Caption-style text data
----------------------------------------
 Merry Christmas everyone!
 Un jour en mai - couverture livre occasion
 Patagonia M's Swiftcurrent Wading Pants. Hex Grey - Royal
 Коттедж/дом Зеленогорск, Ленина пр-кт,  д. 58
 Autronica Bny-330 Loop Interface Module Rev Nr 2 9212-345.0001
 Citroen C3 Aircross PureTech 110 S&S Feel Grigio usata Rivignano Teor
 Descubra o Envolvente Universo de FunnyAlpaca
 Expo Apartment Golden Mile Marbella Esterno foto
----------------------------------------
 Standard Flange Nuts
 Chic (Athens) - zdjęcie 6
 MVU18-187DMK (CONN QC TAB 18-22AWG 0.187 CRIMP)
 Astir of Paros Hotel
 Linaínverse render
----------------------------------------
[Problem statement] Starting at the line that has "Un jour en mai - couverture livre occasion" in the records above, restate word for word every line until the one that has "Expo Apartment Golden", and include that one as well.

[Answer to the problem]
 Un jour en mai - couverture livre occasion
 Patagonia M's Swiftcurrent Wading Pants. Hex Grey - Royal
 Коттедж/дом Зеленогорск, Ленина пр-кт,  д. 58
 Autronica Bny-330 Loop Interface Module Rev Nr 2 9212-345.0001
 Citroen C3 Aircross PureTech 110 S&S Feel Grigio usata Rivignano Teor
 Descubra o Envolvente Universo de FunnyAlpaca
 Expo Apartment Golden Mile Marbella Esterno foto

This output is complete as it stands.